Por vezes, somos muito exigentes, tratamos o vinho muito intelectualmente. Temos muitas questões e preocupações: com que taça servir, como abrir, quanto tempo decantar, pensamos se o vinho harmoniza com a refeição que será servida, se a safra foi boa. Por vezes, alguns vão até mais longe: pensam em solos, climas e estilos de vinificação, entre outros conceitos mais técnicos.
Muitas vezes, confesso, acho isso demais.
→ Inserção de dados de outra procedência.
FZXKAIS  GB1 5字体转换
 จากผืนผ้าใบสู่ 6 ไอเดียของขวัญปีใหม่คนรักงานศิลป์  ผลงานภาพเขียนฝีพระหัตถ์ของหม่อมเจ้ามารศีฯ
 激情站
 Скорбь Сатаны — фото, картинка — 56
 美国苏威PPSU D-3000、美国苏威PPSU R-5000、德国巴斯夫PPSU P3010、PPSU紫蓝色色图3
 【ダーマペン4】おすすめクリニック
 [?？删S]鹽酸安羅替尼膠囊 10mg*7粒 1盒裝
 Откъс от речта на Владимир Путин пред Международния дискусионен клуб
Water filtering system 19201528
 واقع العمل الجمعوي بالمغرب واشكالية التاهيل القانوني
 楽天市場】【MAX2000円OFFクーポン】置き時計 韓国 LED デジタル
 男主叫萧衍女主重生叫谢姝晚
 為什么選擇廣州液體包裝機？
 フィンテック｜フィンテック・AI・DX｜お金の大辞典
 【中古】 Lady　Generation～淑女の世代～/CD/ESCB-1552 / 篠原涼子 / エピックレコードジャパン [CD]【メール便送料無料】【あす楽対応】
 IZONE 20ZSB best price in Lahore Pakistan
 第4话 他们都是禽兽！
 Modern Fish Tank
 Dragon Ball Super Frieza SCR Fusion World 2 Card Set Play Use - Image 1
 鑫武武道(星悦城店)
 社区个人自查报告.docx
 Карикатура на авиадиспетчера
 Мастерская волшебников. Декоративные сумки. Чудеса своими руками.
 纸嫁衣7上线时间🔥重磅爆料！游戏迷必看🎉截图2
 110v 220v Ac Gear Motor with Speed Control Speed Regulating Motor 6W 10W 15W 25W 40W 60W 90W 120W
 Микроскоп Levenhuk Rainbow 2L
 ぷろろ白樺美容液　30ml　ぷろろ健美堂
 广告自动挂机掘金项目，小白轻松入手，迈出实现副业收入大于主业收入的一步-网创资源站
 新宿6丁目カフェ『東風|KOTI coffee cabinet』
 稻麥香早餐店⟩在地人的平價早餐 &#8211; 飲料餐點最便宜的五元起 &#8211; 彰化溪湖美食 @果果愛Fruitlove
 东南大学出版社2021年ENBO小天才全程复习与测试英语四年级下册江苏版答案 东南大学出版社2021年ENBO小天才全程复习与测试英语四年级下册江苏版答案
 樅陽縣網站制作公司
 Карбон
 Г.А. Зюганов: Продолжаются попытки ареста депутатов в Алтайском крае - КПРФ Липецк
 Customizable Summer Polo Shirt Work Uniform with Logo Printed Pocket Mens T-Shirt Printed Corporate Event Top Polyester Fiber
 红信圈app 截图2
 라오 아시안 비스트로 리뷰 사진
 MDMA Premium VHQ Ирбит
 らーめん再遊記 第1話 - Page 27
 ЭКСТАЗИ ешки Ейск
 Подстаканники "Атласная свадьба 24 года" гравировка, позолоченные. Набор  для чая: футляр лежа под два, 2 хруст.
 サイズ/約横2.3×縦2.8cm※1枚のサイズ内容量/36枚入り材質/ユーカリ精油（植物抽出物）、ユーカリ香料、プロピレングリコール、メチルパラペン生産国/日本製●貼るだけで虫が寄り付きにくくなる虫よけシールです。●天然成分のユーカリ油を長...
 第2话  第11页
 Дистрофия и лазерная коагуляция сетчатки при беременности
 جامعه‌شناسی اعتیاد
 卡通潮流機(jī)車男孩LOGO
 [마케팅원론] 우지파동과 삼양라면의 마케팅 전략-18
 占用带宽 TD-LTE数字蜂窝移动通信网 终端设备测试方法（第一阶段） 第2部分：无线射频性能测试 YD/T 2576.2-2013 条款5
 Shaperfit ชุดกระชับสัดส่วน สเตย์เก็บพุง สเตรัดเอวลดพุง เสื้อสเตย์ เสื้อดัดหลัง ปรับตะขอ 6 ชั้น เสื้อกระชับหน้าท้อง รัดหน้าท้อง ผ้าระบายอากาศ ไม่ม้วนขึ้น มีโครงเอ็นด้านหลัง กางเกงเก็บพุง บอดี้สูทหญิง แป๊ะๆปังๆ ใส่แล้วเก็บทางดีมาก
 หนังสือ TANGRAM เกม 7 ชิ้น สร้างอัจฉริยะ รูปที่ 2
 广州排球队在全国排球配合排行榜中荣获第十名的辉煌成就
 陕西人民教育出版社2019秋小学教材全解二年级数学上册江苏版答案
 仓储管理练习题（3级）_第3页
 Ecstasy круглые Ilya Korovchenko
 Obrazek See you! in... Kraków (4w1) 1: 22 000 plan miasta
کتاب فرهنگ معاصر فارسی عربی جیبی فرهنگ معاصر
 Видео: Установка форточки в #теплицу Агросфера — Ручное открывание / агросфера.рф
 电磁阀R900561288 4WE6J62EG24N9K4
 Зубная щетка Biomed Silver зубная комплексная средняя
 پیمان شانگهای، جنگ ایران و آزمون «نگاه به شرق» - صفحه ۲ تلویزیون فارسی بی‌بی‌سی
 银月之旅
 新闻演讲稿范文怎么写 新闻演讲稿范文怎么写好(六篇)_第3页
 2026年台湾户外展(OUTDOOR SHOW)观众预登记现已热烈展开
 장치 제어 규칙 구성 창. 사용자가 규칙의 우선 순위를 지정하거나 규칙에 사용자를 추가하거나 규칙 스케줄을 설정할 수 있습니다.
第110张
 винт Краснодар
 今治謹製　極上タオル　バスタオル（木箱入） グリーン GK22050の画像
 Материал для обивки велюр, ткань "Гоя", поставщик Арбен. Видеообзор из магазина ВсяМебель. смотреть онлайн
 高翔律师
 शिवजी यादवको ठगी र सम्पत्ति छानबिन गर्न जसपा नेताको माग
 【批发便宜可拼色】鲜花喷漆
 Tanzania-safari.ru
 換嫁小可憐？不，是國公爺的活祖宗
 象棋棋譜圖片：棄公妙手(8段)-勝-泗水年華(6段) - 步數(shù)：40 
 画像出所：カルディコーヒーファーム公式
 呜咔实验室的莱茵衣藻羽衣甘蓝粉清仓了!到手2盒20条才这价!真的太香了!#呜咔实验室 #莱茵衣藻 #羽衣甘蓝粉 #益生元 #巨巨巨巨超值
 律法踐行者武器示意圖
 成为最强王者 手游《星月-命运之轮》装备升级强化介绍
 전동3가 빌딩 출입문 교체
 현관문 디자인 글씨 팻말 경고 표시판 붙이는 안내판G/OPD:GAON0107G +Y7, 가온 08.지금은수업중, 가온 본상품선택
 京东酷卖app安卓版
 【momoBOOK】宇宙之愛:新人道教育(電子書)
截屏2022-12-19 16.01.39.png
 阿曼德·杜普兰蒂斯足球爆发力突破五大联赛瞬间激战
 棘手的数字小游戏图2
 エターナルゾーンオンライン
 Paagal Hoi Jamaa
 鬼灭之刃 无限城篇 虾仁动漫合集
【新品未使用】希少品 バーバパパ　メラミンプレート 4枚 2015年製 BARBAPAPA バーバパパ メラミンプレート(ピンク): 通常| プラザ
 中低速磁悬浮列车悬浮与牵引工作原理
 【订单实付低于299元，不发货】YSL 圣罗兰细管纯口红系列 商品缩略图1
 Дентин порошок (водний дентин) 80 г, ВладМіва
Chegamos a perder o sentido de socializar nos trancando em nossas próprias preocupações e exageros; deixamos passar o momento de prazer, o momento da percepção nua e crua de gostos, aromas, sabores e texturas; tudo aquilo que nos leva ao êxtase, que nos faz lembrar daquele gole por muitos anos, não só pela qualidade intrínseca daquele rótulo; às vezes pode ser até um vinho simples, mas que você gosta e que foi bebido na hora certa, quando você mais precisava dele.
Quantas vezes estamos sentados à mesa todos juntos, bebendo um bom vinho que dá prazer, e a conversa fluida e gostosa está longe de passar por termos como “vinhedos”, “maceração”, “envelhecimento em carvalho”, “acidez” e “taninos”. Falamos de vida, viagens e cultura, e o vinho está lá, fazendo parte daquele filme, como um belo ator coadjuvante sem tomar os holofotes, mas absolutamente necessário à trama.
Durante esses dias trancado em casa, por muitas vezes consegui achar conforto numa taça de vinho e, na maioria dessas vezes, ele estava ali como um brilhante coadjuvante, num simples almoço caseiro ou no sofá acompanhando um filme. Mas, às vezes escolho algum rótulo que me leva a viajar, uma garrafa que me remete a uma bela viagem, como um Touriga Nacional que me trouxe memórias da Serra da Estrela ao longe, ou de um Pinot que me deixou com saudades de caminhar em meio às vinhas da Borgonha. O componente emocional que o vinho oferece é ainda mais importante nessas horas.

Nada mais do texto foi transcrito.